PROBLEM TO WORK ON:
A faithful transcript of all the lines below, with no pictures, is the goal here.

INFORMATION SHOWN:
···

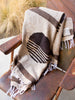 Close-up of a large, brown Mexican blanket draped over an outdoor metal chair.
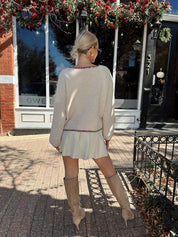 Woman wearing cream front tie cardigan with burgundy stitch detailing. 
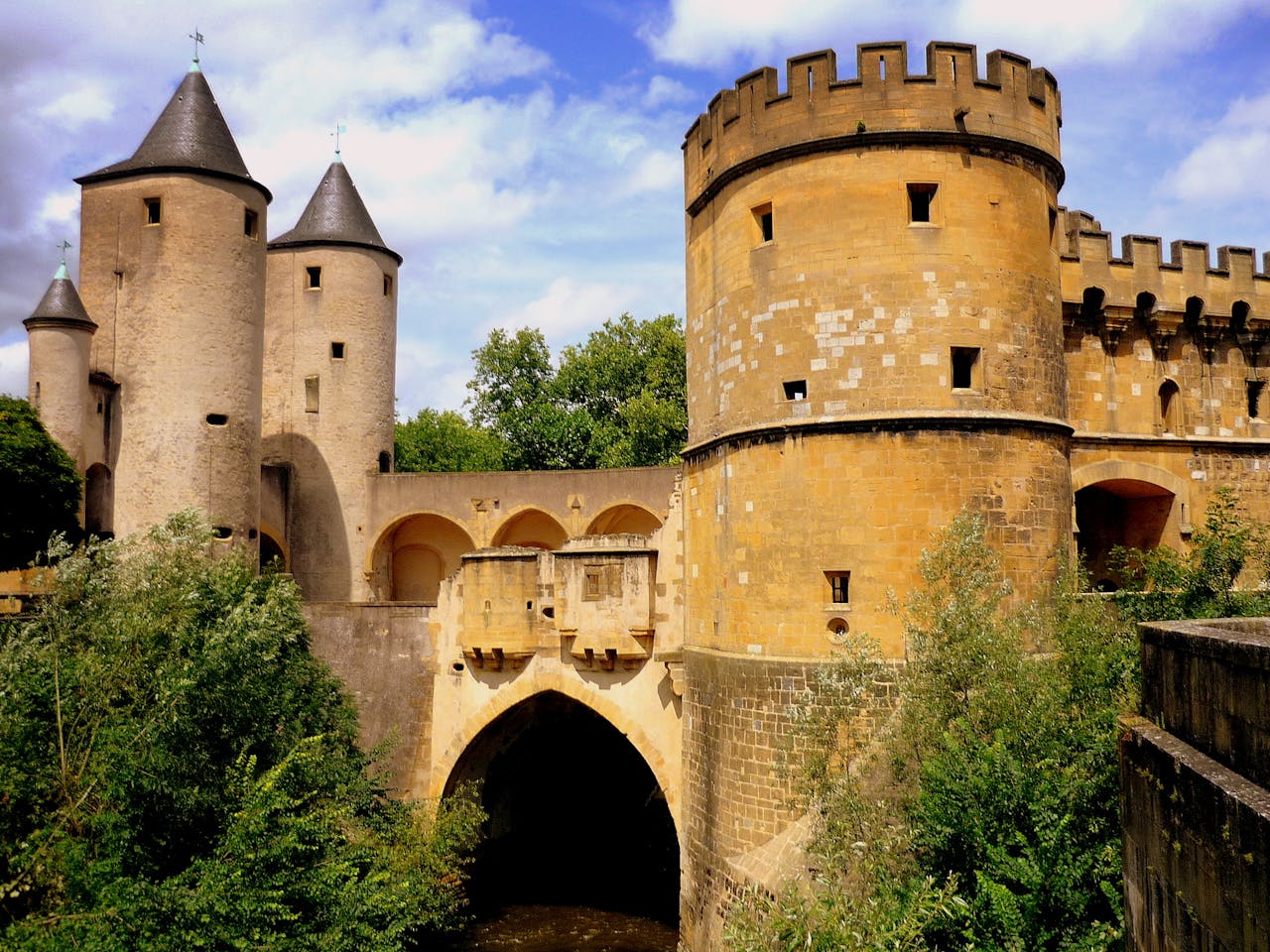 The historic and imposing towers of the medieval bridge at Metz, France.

···

RESULT OF THIS TASK:
 Close-up of a large, brown Mexican blanket draped over an outdoor metal chair.
 Woman wearing cream front tie cardigan with burgundy stitch detailing. 
 The historic and imposing towers of the medieval bridge at Metz, France.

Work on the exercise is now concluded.